When you’re trying to build a startup business with no staff and limited funds to fall back on, life events can slow you down. For the past few weeks, the blog has taken a bit of a backseat to bigger priorities. But despite a significant reduction in working hours, our positive progress has not wavered – and perhaps there’s a lesson about work/life balance we should take from that. As such, this month’s business report takes a slightly different angle to previous ones.

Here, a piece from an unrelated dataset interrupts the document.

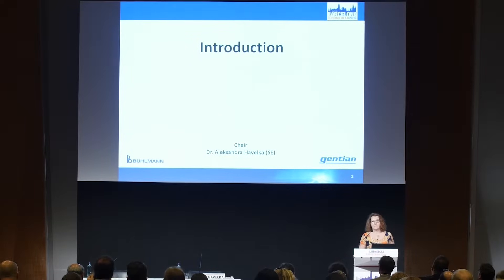My name is Alexandra Havelka. I'm general manager of Gentian Diagnostics in Sweden, and I have been working with calprotectin during the last 15 years.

Before getting into all of that, true to form, here are our headline achievements for the month:
- In March we reached 11,692 page views, well beyond our target of 10,000
- Our referrals from search engines reached 5,914, smashing our target of 4,000 by almost 50%
- We had 1,339 referrals from Pinterest, exceeding our target of 1,000
- Our domain authority (DA) climbed from 25 to 30
- We’ve been commissioned to write a guest article for a major travel website with a DA of 82
- We have discovered a new income stream and come the closest yet to making a monthly profit
At the end of February’s report, I said: “The next month will be a particularly exciting time for reasons we can’t share yet. For now, I’ll say there’s been a pretty big development in our lives that will involve a significant lifestyle change.”
After a whirlwind of a month I can now reveal…
The big news: we’ve moved out of London!
To be more precise, we’ve moved to Lincoln. It’s the city where Lisa grew up, and where her close family still live.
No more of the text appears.